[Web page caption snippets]
══════
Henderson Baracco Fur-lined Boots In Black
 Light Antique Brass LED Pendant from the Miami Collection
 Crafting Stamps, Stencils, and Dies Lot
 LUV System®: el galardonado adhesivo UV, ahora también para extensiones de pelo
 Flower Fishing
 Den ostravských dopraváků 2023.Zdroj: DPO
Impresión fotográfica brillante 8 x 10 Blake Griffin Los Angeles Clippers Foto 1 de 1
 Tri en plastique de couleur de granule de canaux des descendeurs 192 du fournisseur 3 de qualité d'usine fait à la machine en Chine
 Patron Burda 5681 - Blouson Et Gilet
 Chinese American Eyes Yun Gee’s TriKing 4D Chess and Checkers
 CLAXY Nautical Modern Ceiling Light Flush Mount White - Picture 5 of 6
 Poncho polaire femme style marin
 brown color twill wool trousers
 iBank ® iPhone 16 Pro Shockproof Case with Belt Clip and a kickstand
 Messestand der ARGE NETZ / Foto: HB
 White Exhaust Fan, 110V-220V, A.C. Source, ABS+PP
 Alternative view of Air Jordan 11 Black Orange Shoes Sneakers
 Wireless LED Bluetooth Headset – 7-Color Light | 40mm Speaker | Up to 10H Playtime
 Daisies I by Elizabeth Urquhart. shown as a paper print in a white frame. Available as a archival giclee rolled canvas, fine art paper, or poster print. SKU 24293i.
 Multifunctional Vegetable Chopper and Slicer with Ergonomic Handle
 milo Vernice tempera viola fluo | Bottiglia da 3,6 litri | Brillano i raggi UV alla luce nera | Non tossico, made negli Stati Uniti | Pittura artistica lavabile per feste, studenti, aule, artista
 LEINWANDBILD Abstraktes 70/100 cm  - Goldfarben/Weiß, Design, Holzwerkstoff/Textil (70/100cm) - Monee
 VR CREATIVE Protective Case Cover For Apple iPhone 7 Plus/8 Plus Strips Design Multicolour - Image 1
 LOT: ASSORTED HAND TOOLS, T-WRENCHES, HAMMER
══════
If a line of the data holds the string "Black", count it. Then state the total and nothing more.

2